La nuit du Liban
« Oh la la ! toutes ces lumières… et dire que chez nous il n’y a plus d’éclairage public, nulle part ! ».
Cette exclamation du Père Mounir alors que nous abordions le tunnel du Rond Point à St Etienne m’a touché. Oui, le Liban est dans la nuit, une nuit profonde que nous avons beaucoup de peine à imaginer…

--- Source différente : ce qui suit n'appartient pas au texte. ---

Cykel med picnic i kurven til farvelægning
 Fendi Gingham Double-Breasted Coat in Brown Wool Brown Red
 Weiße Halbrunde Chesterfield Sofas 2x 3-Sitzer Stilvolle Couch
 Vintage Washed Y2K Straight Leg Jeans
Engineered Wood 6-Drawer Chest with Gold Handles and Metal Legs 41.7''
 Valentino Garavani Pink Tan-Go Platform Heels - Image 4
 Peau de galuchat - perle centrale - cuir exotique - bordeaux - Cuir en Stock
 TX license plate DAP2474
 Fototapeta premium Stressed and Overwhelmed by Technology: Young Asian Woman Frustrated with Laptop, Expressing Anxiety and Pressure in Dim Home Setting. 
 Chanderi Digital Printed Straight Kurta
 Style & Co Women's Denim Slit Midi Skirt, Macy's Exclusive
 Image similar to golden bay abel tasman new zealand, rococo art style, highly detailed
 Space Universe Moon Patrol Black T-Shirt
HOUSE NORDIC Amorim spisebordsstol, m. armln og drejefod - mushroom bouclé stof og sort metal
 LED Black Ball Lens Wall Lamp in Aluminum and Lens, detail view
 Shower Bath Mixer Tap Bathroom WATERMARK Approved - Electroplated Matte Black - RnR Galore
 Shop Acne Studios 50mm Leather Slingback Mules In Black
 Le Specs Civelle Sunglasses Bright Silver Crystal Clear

Il n’y a plus de « lumière » au Liban parce que le service public de l’électricité ne fournit qu’une heure par jour de courant… après, chacun se débrouille avec des générateurs privés ou collectifs, mais cela coûte une fortune. L’état est défaillant dans ses missions essentielles. Les fonctionnaires ne sont plus ou mal payés du fait de la dévaluation de la livre libanaise. 82% de la population vit en dessous du seuil de pauvreté. Beaucoup de familles sont tombées dans la misère, à cause de l’incurie des responsables politiques. En deux ans le nombre de familles soutenues par le diocèse de Batroun a été multiplié par 10, passant de 250 à 2300.
Il n’y a plus de « lumière » au Liban, pour éclairer l’avenir immédiat des jeunes et des familles confrontés à un blocage incompréhensible des instances gouvernementales. Un mouvement de la société civile commencé en Octobre 2019 avait suscité une grande espérance. Il demandait un changement radical dans l’organisation de la gouvernance du Liban et un remplacement des dirigeants corrompus. Il n’a pas été entendu ! Cette impasse politique a éclaté au grand jour avec l’explosion du port de Beyrouth le 4 août 2020, faisant plus de 200 morts et des dizaines de milliers de sans abris ! Depuis, l’enquête sur les responsabilités de cette catastrophe est bloquée. La reconstruction n’a pas vraiment commencé. La capitale libanaise est toujours gravement défigurée.
Il n’y a plus de « lumière » au Liban pour espérer un avenir dans un pays dont toutes les structures sociales, économiques, financières sont effondrées. C’est le règne des mafias, de la débrouille et de tous les trafics pour survivre ! L’état s’est littéralement effacé et la corruption règne partout. Alors, on le comprend, l’hémorragie des élites et des cadres s’accélère. Plus de 150 000 personnes, ont quitté le Liban ces trois derniers mois ! Ce sont des médecins, des infirmières, des ingénieurs, des enseignants qui quittent leur pays la mort dans l’âme, désespérés des élites libanaises, cherchant, ailleurs un avenir pour leurs enfants.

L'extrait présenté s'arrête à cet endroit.